Justifying the Ways of God with Humor

by | Academic, Rhetorical Analysis

I’ve always been a big fan of Jonathan Swift despite frequently disagreeing with him. I wrote this piece for Dr. Incorvati’s English 280 class at Wittenberg. I think it was called “Survey of British English” or something like that. It’s the class that convinced me to stop working full time while pursuing my bachelor’s. The B+ I received in the class was my worst grade at Wittenberg and it really annoyed me. At the time i was also writing a piece about The Great Gatsby for another class and I put too much of my energy into the other piece. Personally, I think this paper makes a more unique and interesting argument, but it wasn’t as well written. This version is lightly edited to fix some of the more glaring mistakes that doomed me to a B+.

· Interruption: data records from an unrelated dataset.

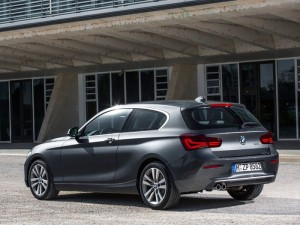 Nove BMW rad 1 3DIGITAL.SK (7)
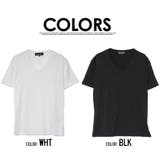 Tシャツ メンズ ブランド | SILVER BULLET | 詳細画像15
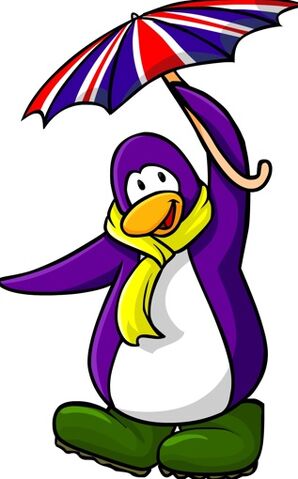 File:Club-penguin-clip-art-9.jpg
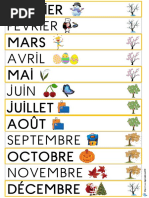 Affiche Couleurs Cp Pdf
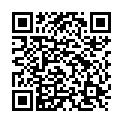 QR-encoded URL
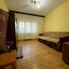 Apartament de vânzare 2 camere Racadau - 200878AV - Poza 1 din 7 | BLITZ Brașov | Poza3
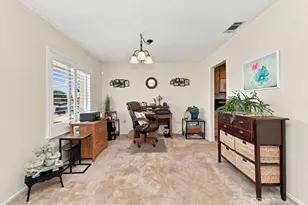 26490 McCall Blvd, Menifee, CA 92586 - Photo 12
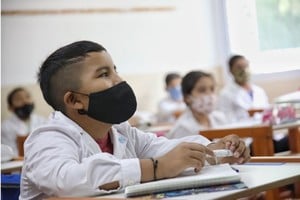 Prensa Gobierno de Corrientes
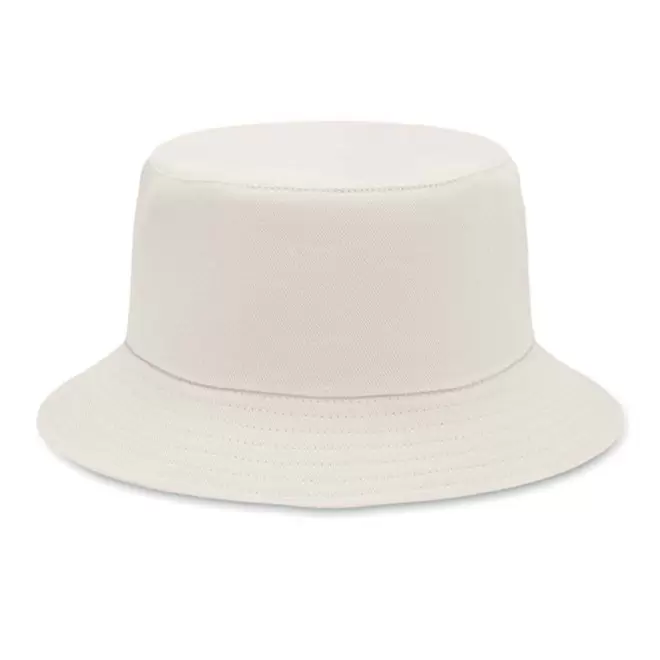 BOB PERSONNALISABLE 'CHAUVA' - beige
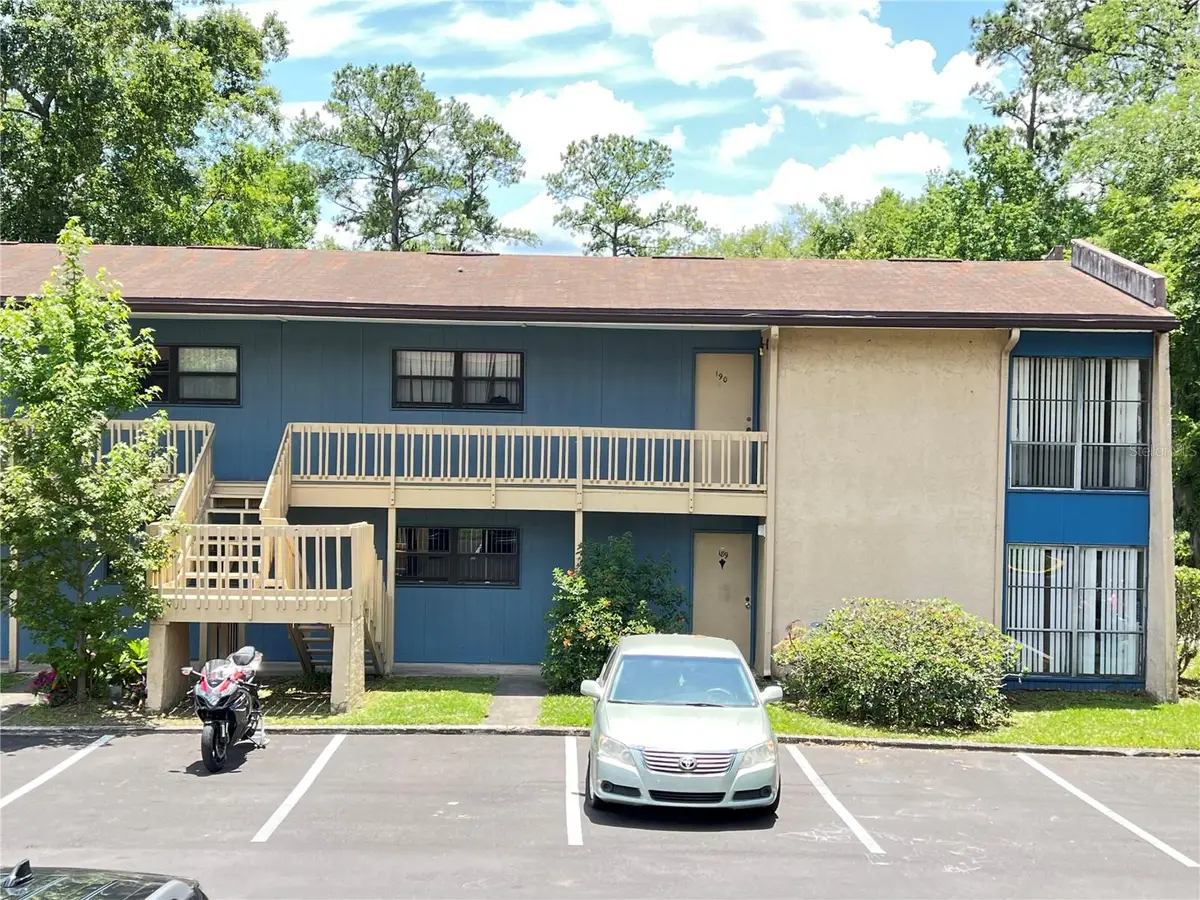 2811 SW Archer Road #190, Gainesville, FL 32608 - Image #1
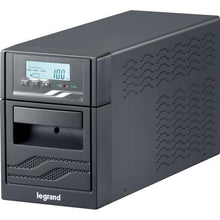 Load image into Gallery viewer, 310020 Legrand
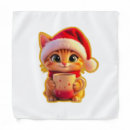 Search for funny cat clothes Festive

Jonathan Swift fashioned humor into a weapon. With that weapon he relentlessly attacked with such a passion that he left none unscathed, including himself. One would never guess without being told that the author of Gulliver’s Travels, A Tale of a Tub, or any number of his bawdy poems would hold a clerical position, much less a somewhat prestigious one such as the Dean of St. Patrick’s in Dublin. A devotion to theology and the temperament required of a priest seem wholly incongruent with writings that insinuate mankind deserves no better than to be a slave to beasts.1 Yet Swift not only devoted the majority of his life to the church, he even came close to ascending to bishop, foiled only by his own words in A Tale of a Tub, which offended Queen Anne. Although many of Swift’s attacks are purely political or social, he frequently takes up religious issues, most notably in An Argument to Prove that the Abolishing of Christianity in England May, as Things Now Stand Today, be Attended with Some Inconveniences, and Perhaps not Produce Those Many Good Effects Proposed Thereby, hereafter referred to as An Argument Against Abolishing Christianity. Regardless, even in An Argument Against Abolishing Christianity, Swift refuses to take a serious tone. The piece is multilayered in its satire; Swift takes the position of defending Christianity but his defense is facetiously for all the wrong reasons. As usual, Swift is on the attack. He attacks those who might be willing to marginalize, change, or eliminate religion’s role in society, such as atheists, Freethinkers, and deists. But those who claim to be Christian while consciously violating its tenets are depicted with equal disdain. Swift notably remains on the offensive not only in this piece but in all of his satirical works, using an attack on his opponents as a defense of his own unstated position. Swift attempts, and fails, to justify the ways of God using satire, because he refuses to clarify his own convictions, which would make them vulnerable to counterargument.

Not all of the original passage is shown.